▸ Task to complete
Every line of the records below from the line with "Bernedoodle Ornament, Festive" up to and including the line with "Trio Lighting Einar" must be reproduced exactly, and no line outside that range.

▸ Source information
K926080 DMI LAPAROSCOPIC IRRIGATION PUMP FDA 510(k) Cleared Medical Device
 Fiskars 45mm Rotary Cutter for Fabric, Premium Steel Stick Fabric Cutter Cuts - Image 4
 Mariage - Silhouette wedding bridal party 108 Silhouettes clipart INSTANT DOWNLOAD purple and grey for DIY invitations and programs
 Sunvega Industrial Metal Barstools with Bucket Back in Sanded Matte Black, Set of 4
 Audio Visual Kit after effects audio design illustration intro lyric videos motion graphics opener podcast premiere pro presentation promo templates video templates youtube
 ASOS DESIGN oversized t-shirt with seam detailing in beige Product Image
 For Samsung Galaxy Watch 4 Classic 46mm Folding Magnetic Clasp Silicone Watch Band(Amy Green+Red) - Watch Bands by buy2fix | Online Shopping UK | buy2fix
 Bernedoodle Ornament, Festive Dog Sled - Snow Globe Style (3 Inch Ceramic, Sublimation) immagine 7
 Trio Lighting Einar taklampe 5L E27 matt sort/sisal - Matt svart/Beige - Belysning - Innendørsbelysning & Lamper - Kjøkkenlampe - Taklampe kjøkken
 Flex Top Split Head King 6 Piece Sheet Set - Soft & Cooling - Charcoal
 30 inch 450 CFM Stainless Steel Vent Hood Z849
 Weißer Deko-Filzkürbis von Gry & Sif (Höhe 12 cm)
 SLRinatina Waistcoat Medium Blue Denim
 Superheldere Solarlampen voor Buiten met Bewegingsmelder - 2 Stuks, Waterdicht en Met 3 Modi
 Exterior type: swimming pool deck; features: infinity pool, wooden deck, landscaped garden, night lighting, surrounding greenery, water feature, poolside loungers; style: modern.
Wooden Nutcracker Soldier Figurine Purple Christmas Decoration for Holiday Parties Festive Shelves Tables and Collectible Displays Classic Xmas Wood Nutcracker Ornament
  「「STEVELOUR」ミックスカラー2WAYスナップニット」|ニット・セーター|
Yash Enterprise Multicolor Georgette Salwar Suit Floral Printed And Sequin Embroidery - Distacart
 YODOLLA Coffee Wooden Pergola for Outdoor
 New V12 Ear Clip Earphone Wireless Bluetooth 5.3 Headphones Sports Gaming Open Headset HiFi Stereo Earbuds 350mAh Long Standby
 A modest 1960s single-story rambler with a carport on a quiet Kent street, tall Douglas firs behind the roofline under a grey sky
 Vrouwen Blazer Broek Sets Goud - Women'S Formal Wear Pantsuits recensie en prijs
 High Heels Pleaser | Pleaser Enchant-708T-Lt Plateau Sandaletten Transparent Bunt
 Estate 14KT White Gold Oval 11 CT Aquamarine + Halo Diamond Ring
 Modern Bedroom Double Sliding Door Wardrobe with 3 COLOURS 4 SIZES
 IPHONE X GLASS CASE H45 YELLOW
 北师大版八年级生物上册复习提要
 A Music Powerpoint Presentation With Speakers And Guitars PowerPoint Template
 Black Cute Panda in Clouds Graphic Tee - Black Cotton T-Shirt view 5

▸ Output for this exercise
 Bernedoodle Ornament, Festive Dog Sled - Snow Globe Style (3 Inch Ceramic, Sublimation) immagine 7
 Trio Lighting Einar taklampe 5L E27 matt sort/sisal - Matt svart/Beige - Belysning - Innendørsbelysning & Lamper - Kjøkkenlampe - Taklampe kjøkken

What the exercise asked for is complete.